ASSIGNMENT
Return the data verbatim, without pictures.
*** DATASET CONTENT ***
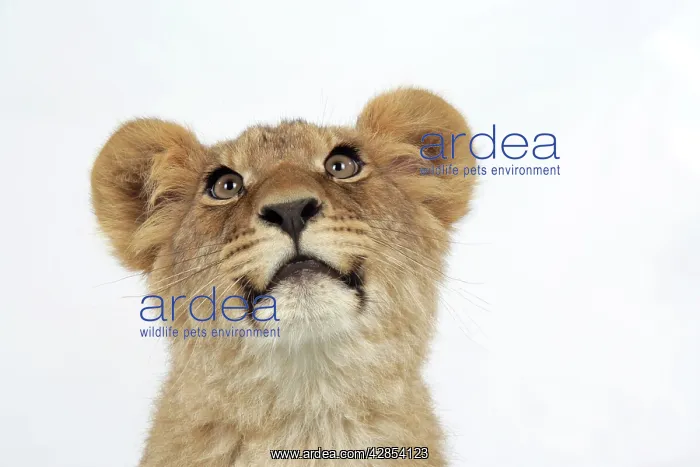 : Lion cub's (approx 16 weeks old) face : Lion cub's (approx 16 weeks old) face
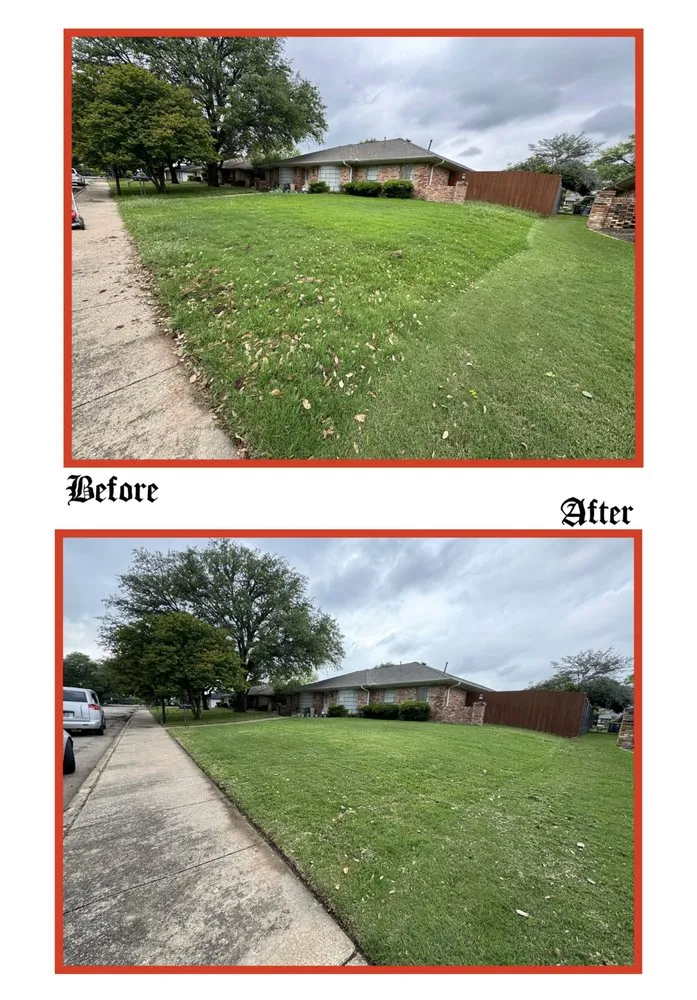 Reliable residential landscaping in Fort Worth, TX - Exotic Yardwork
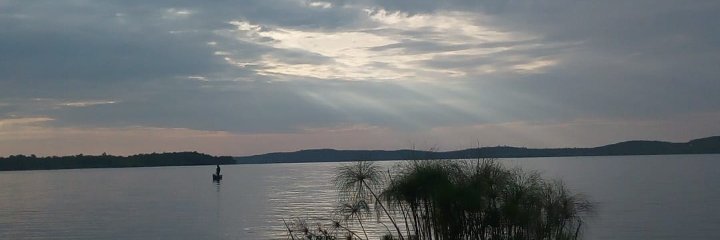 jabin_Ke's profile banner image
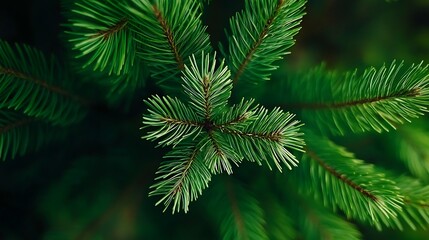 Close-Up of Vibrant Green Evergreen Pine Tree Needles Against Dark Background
***
EXERCISE RESULT
 : Lion cub's (approx 16 weeks old) face : Lion cub's (approx 16 weeks old) face
 Reliable residential landscaping in Fort Worth, TX - Exotic Yardwork
 jabin_Ke's profile banner image
 Close-Up of Vibrant Green Evergreen Pine Tree Needles Against Dark Background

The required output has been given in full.